FOLSOM.DYNACRM002                    IDNUM                      VARCHAR

FOLSOM.BFP002                               PDATE                      NUMERIC

FOLSOM.BFP002                               PTIME                       NUMERIC

 

Many times, there will only be one row where a given IDNUM exists.

 

However, the more likely result is that there can be anywhere from 2 to several thousand rows that contain the SAME IDNUM value, but the corresponding columns of PDATE and PTIME are different.

 

“Somehow” and this is the problem – somehow, I need to build into the query itself, an extra ‘fake column’ named IDNUM_SEQ that stores a sequence number that ‘appears’ based on the ‘rules’ described below.

 

The way this sequence number needs to work is that if there is only one row in the returned data that has a given IDNUM the IDNUM_SEQ column (pseudo COUNT COLUMN) will contain a 1

 

However, when multiple rows are returned that contain the same IDNUM (but different PDATE and PTIME values obviously), the topmost row gets a 1 in the IDNUM_SEQ column (pseudo COUNT COLUMN) , followed by a 2 in the next one, and a 3 in the next one, and so forth.

 

If I was able to achieve my goal and solve this problem, an example of what the returned data would look like complete with sequence numbers can be seen in the image attached below named DB2_Data_Sample_Annotated.png  (pardon my inability to center properly right justify the numbers I manually added using an art/drawing app).

 

The ad-query I am using currently that returns the data I am discussing here is listed below

 

DELETE FROM FOLSOM.DYNACRM004

;

INSERT INTO FOLSOM.DYNACRM004 (

SELECT DISTINCT

RTRIM(AACPCMS) AS AACPCMS

,AACSCD

,AACSYR

,AACSSQ

,TRIM(AAMATTR) AS AAMATTR

FROM XTERM.CPP100 CRIMAS

)

;

SELECT

TRIM(CRIMAS.AAMATTR) AS IDNUM

, ' ' AS IDNUM_SEQ

,FOFMAS.ABPYDT AS PDATE

,FOFMAS.ABADTM AS PTIME

FROM FOLSOM.BFP002 FOFMAS

INNER JOIN FOLSOM.DYNACRM004 CRIMAS ON CRIMAS.AACSCD = FOFMAS.ABCSCC

AND CRIMAS.AACSYR = FOFMAS.ABCSYR

AND CRIMAS.AACSSQ = FOFMAS.ABCSSQ

WHERE FOFMAS.ABCSCC <> 9

AND FOFMAS.ABCSSQ <> 99999

AND (FOFMAS.ABCSSQ <> 0 OR FOFMAS.ABFSQ# <> 0)

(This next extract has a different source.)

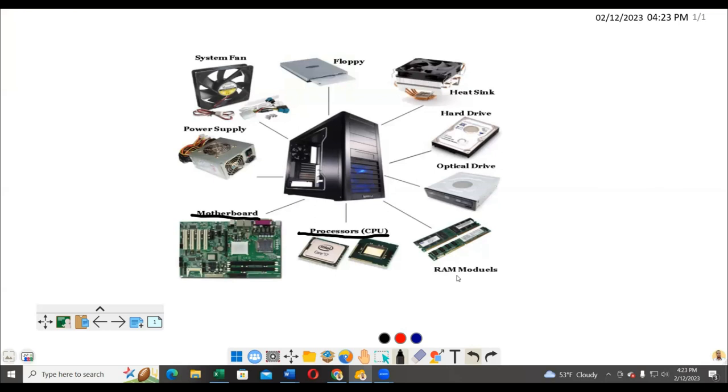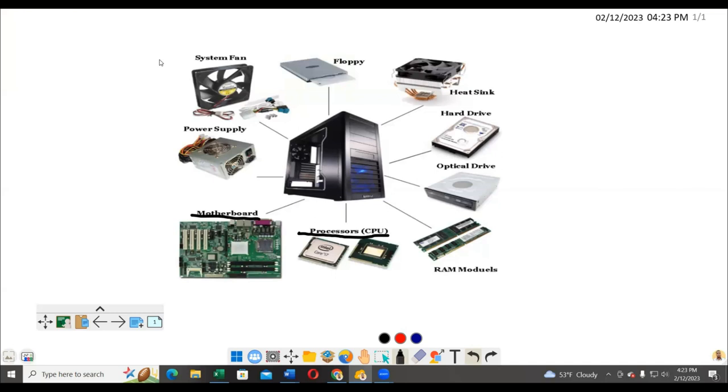The other part is called the system fan. The system fan is also very important because, you know very well, computers produce heat. Because of that, we need something to cool the system inside. The fan provides cooling when the circuit, like the motherboard, is hot and the CPU is very hot.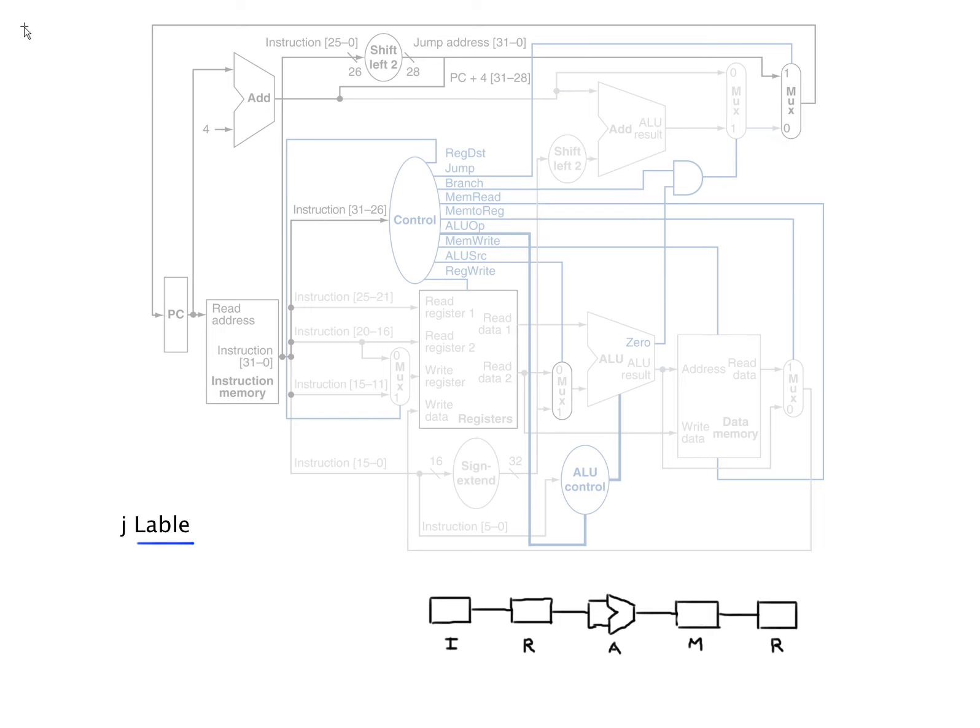In this video we're going to continue talking about datapath and control, specifically the last type of instruction, which is J type, a J format. So obviously that's a jump instruction.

ORDER BY TRIM(CRIMAS.AAMATTR) ASC, FOFMAS.ABPYDT ASC , FOFMAS.ABADTM ASC

;

Hopefully what I am looking to do makes sense.

 

My questions are:

 

  • Can this be done via an AD-HOC query or some other AD-HOC structure I can run in the i5 native ‘run a sql script or query – tool’ or via DBArtisan or some other query tool. Even if this query must be broken into two, queries, and occur across two steps, making use of a ‘staging or holding table’, that is acceptable.

 

  • If the answer to the above question is YES, how might I approach writing the query or set of queries w/ staging or holding table to do this?

 

I am a beginner/almost-intermediate DB2 user so I can create tables and insert/update data, write queries without a problem. I just need some help getting determining how to approach this problem.

 

The most I could find about this was an article in StackOverflow that deals with Microsoft SQL but not DB2 which I posted below - https://stackoverflow.com/questions/14411941/on-finding-duplicate-values-in-column-of-sql-table-increment-a-count-column-by 

 

Any guidance, advice, suggestions, or even help applying what's in that stack overflow article to the DB2 problem described above would be greatly appreciated.

Attachments

  • DB2_Data_Sample_Annotated.png (40.1k)
Edited By:
Jim Aloye[Organization Members] @ Aug 01, 2017 - 11:19 AM (America/Eastern)
Jim Aloye[Organization Members] @ Aug 01, 2017 - 11:20 AM (America/Eastern)
Jim Aloye[Organization Members] @ Aug 01, 2017 - 11:57 AM (America/Eastern)
Jim Aloye[Organization Members] @ Aug 01, 2017 - 11:58 AM (America/Eastern)
Jim Aloye[Organization Members] @ Aug 01, 2017 - 12:28 PM (America/Eastern)

Jim Aloye

RE: Finding duplicate values in column and then Increment a pesudo COUNT column by 1
(in response to Jim Aloye)

SOLVED MY OWN PROBLEM!

 

Here is the line that did it:

ROW_NUMBER() OVER (PARTITION BY CRIMAS.AAMATTR ORDER BY FOFMAS.ABPYDT ASC , FOFMAS.ABADTM ASC) AS ROWNUM

 

See in query below:

DELETE FROM FOLSOM.DYNACRM004

;

INSERT INTO FOLSOM.DYNACRM004 (

SELECT DISTINCT

RTRIM(AACPCMS) AS AACPCMS

,AACSCD

,AACSYR

,AACSSQ

,TRIM(AAMATTR) AS AAMATTR

FROM XTERM.CPP100 CRIMAS

)

;

SELECT

TRIM(CRIMAS.AAMATTR) AS IDNUM

,ROW_NUMBER() OVER (PARTITION BY CRIMAS.AAMATTR ORDER BY FOFMAS.ABPYDT ASC , FOFMAS.ABADTM ASC) AS ROWNUM

,FOFMAS.ABPYDT AS PDATE

,FOFMAS.ABADTM AS PTIME

FROM FOLSOM.BFP002 FOFMAS

INNER JOIN FOLSOM.DYNACRM004 CRIMAS ON CRIMAS.AACSCD = FOFMAS.ABCSCC

AND CRIMAS.AACSYR = FOFMAS.ABCSYR

AND CRIMAS.AACSSQ = FOFMAS.ABCSSQ

WHERE FOFMAS.ABCSCC <> 9

AND FOFMAS.ABCSSQ <> 99999

AND (FOFMAS.ABCSSQ <> 0 OR FOFMAS.ABFSQ# <> 0)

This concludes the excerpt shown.